Si esto es así, y aunque sin duda pueden estar acertados en parte, no incurren en muy diferente error quienes ven en tal obra solo el maltrato animal cuando lo cierto es que es un maltrato prioritariamente a toda la humanidad: quizá sea de modo objetivo la oveja la que sufre, pero el desprecio del artista por la condición humana es mucho más garrafal pues utiliza el altavoz que la escena duchampiana le otorga para hacer, simplemente, balar a unas ovejas.
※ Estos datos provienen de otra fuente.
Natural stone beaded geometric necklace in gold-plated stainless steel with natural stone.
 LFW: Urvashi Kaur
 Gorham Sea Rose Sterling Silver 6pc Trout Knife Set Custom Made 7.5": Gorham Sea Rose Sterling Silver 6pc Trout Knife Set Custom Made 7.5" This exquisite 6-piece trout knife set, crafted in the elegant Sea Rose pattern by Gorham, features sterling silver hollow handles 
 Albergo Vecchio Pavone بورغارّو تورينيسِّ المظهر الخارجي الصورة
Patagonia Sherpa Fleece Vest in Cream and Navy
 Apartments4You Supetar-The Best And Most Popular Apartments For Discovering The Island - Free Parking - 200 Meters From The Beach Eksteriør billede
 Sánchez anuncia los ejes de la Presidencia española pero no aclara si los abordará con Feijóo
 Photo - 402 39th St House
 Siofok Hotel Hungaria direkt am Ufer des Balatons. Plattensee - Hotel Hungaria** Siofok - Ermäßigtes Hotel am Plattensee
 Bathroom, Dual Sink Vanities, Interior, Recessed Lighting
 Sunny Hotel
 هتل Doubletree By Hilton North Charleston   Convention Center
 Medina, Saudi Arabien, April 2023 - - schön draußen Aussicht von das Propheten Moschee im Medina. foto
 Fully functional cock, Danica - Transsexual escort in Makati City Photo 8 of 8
De este modo queda probado que la escena de las ovejas es deudor de una noción de acabamiento del arte totalmente conservadora, que hace pasar como divertimento lo que para nada debe de servir como causa del arte. Es de la Fuente de donde mana una topografía desplazada y en deriva donde arte y no-arte, objeto encontrado y obra de arte, autoría y accidente, bifurcan una significancia itinerante que delinea en cada intento de aproximación las coordenadas propias de acción del propio arte. Cada espectador, tratando de averiguar el secreto a la vista de la Fuente, no está haciendo sino reconstruir el campo de acción del arte: un campo siempre diferente ya que en cada intento de lectura el propio espectador modula el espectro de lo posible del arte, en cada intento de comprensión el espectador desmantela el entarimado propio del arte para promover en el mismo instante otro alternativo, igualmente sin respuestas, formado únicamente por puntos de fuga, por alternadores de retoricidad. Pero todo esto con una salvedad: todo decir que puede ser dicho en la ausencia de un sentido nunca pleno sino que se mantiene silencioso, manando invisible de la propia boca de la fuente, tiene que estar a la altura de las circunstancias, unas circunstancias –las nuestras– donde nuestra vida es estafada y ninguneada, y donde nuestro destino apenas levanta un palmo de la burocracia ornamental en la que estamos sumidos.